Woodson created Negro History Week in 1926 as a time for Black people to not only learn about Black history, but to take the time to reflect on it.
In April 1928, the Germantown YMCA hosted an event called Negro Achievement Week for the Germantown community, featuring such prominent African Americans as Alain Locke, W.E.B. DuBois, and James Weldon Johnson. The week’s events received little media attention but were robust, including a mass community meeting, a music night, an art night, and a history lecture, held in both Germantown and Center City, according to the Germantown Historical Society.
The events were aimed at educating white people, as well, with DuBois’ pointedly noting that “he reminded the whites too often of their injustice to the Negro.”
Planning for Negro Achievement Week in Philadelphia began in 1923 at the “Black Branch” of the Germantown YMCA, known as the “Colored Y,” under the guidance of Olivia Yancey Taylor and Eva del Vakia Bowles.

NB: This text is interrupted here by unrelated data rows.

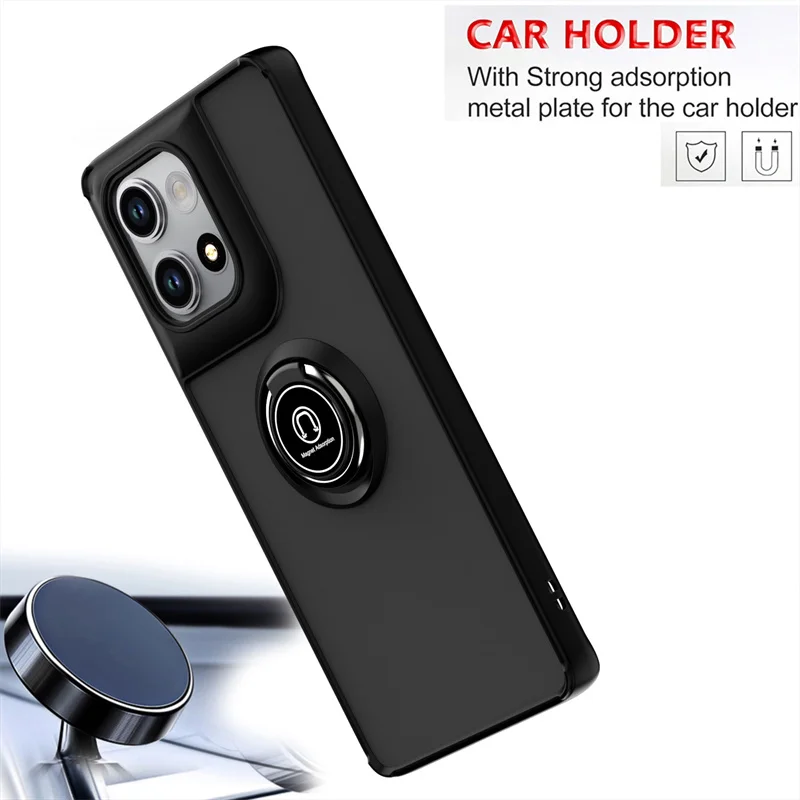 Armor Matte Shockproof Case with Magnetic Ring Holder and Stand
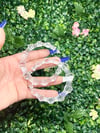 Clear Bamboo Earrings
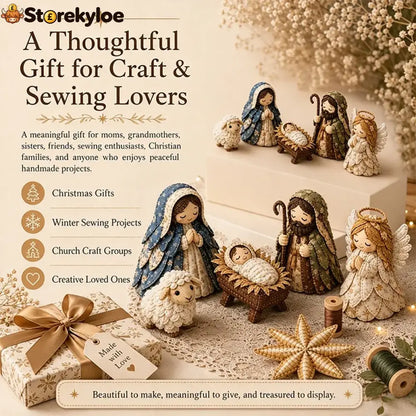 ✨ Diy Patchwork Nativity Scene Sewing Kit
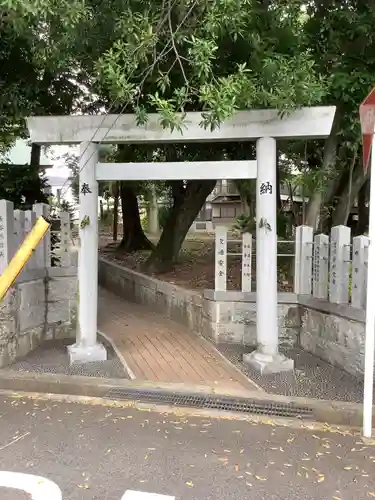 小木田神社の鳥居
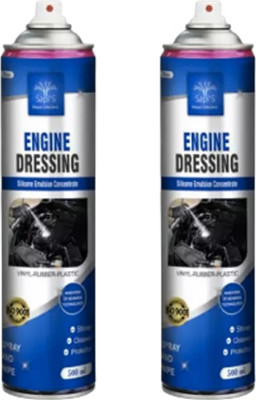 SAPI'S SapiS Engine Dressing 500ml Spray Pack of 2 Engine Cleaner(1005 ml)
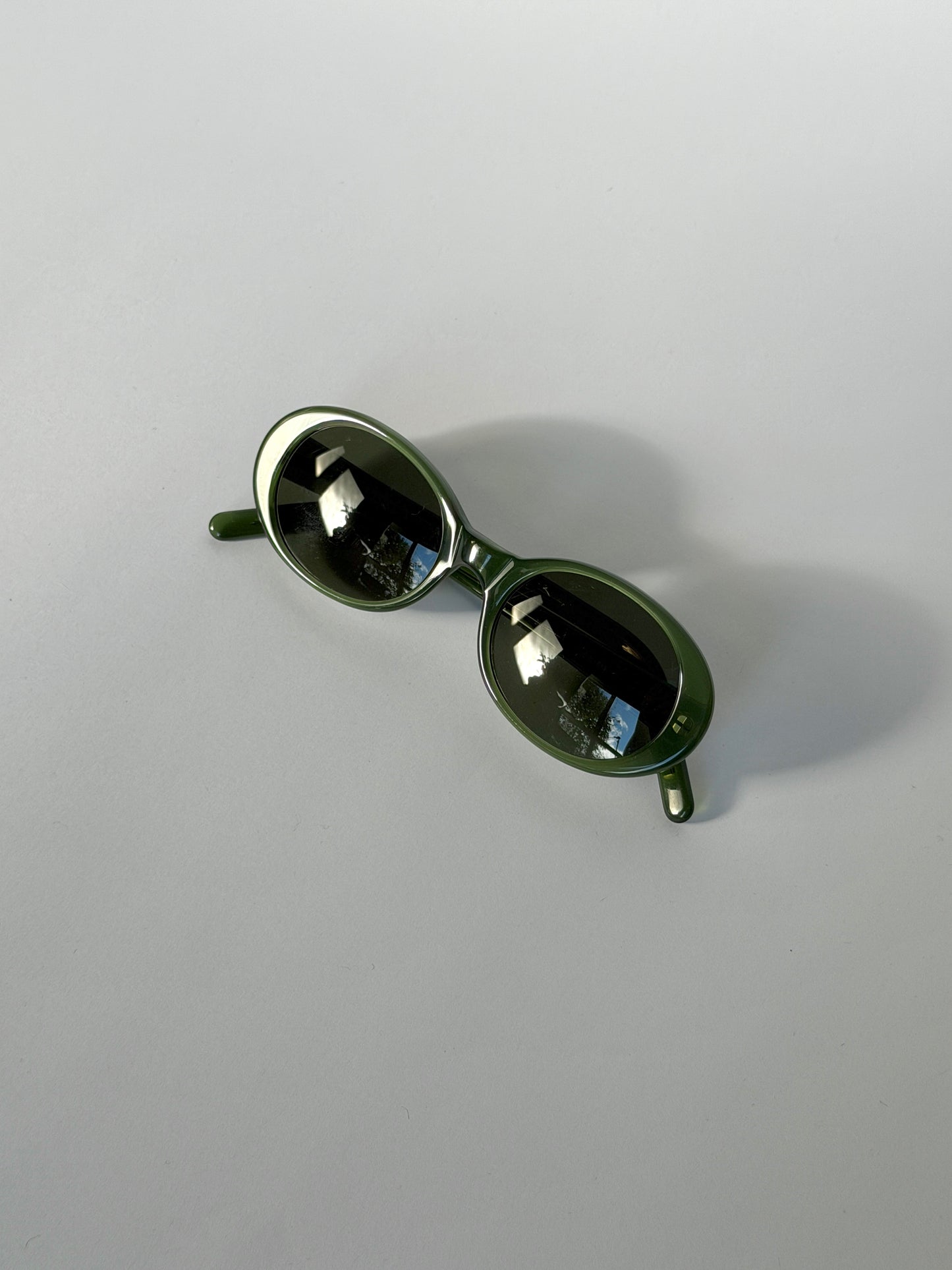 Furla Green Oval Sunglasses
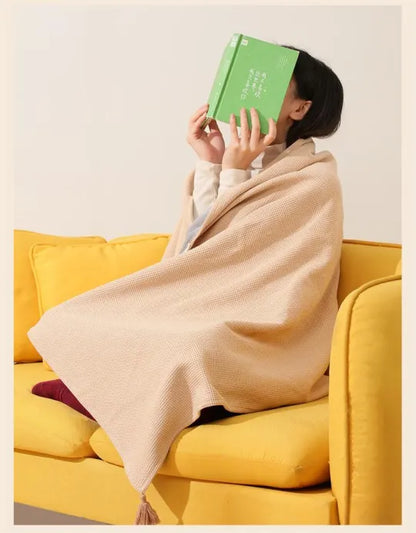 CozyHeat Portable Heated Blanket USB Rechargeable Soft Fleece Throw
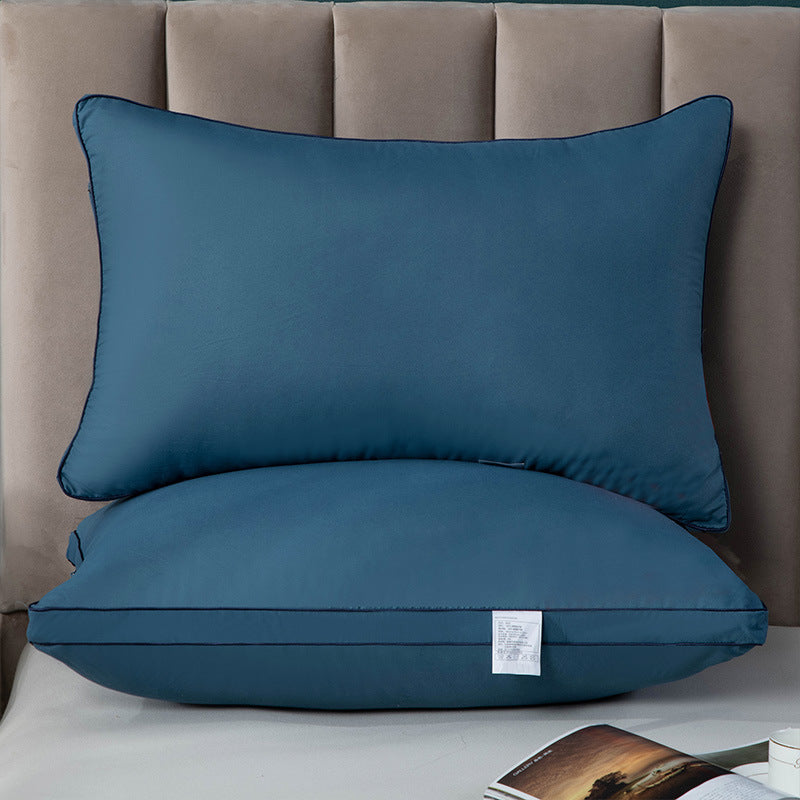 Pillow core pillow hotel pillow core household neck pillow hilton style feather velvet dormitory dropshipping factory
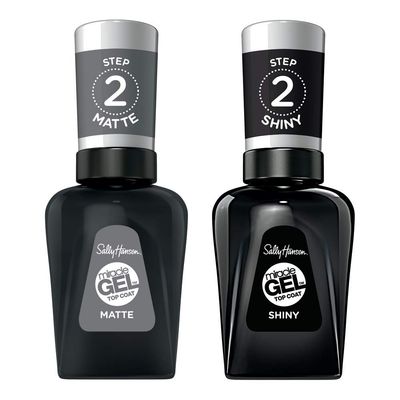 Sally Hansen Miracle Gel Shiny Top Coat and Matte Top Coat Duo Pack (Packaging May Vary)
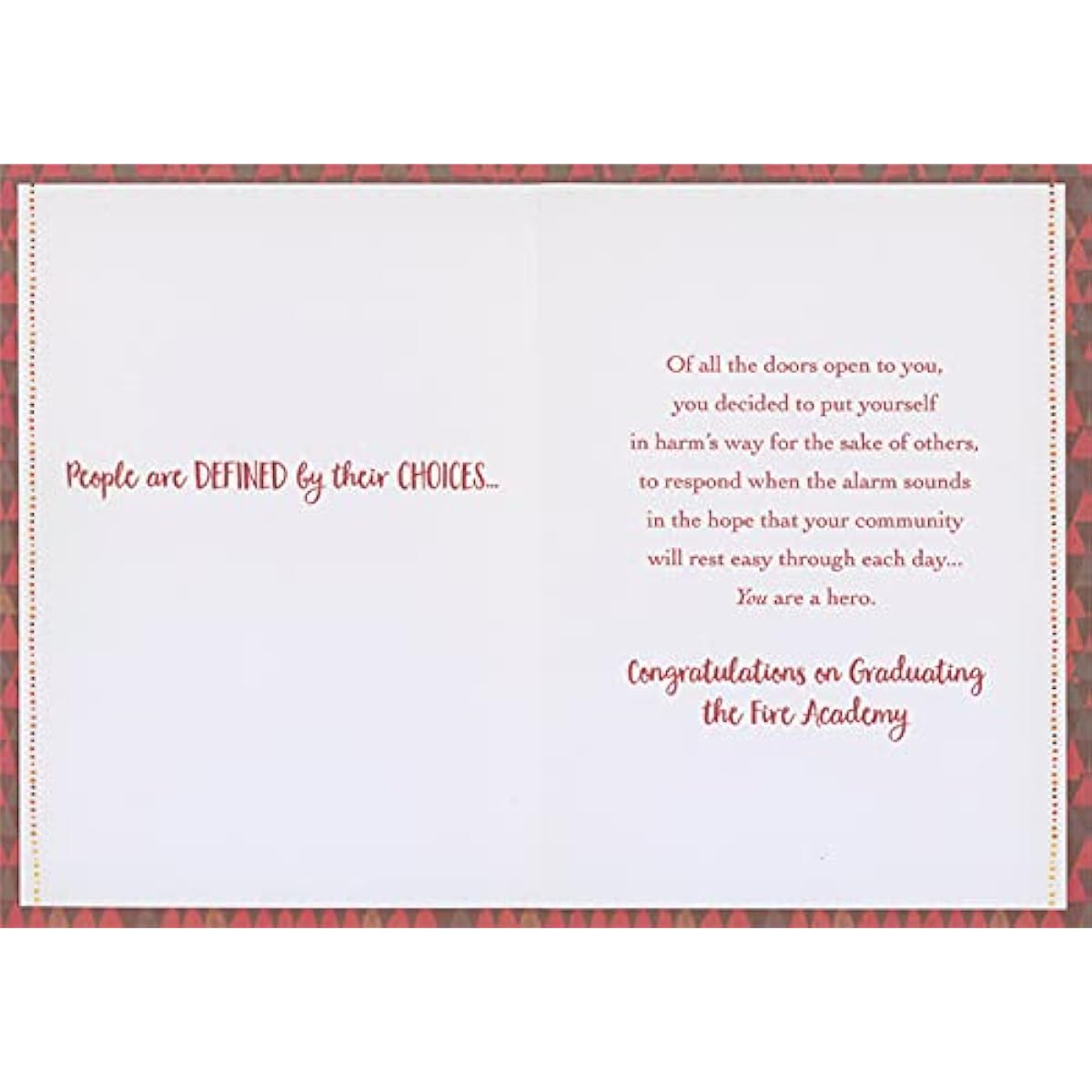 Designer Greetings Firefighter Steel: Firefighter Graduation Card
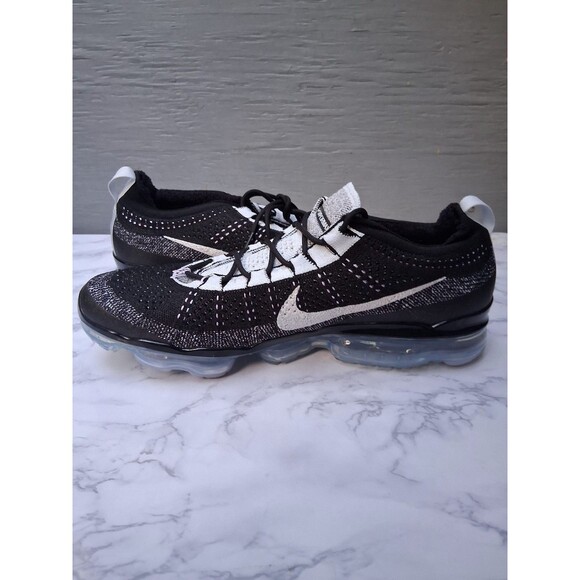 Nike Air Vapormax 2023 FK Flyknit Oreo Black White Blue Tint DV1678-010 Men Sz13 - Picture 3 of 8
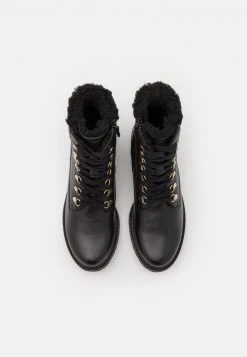 Anna Field LEATHER - Botines Con Cordones - Black, Mujer -LuxeTrend Ventas 4d8569bb42664db292a867032193f904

Members of the Colored Y formed an interracial committee to plan the week’s activities, including a variety of African American heritage events.
The first Negro Achievement Week, which became Negro History Week happened in 1925, influenced by a partnership between Woodson and members of the Black fraternity Omega Psi Phi who created Negro History and Literature Week, first celebrated in April of 1921.
“Celebrations took the form of public programs in churches, schools, and events partnering with literary societies,” according to Givens. “Given the success of the program, a committee was established in 1923 to outline a strategic plan: to develop plans for fostering the study of Negro History in the schools and colleges of the country.”
The week subsequently became a shared project between Woodson and Black schoolteachers.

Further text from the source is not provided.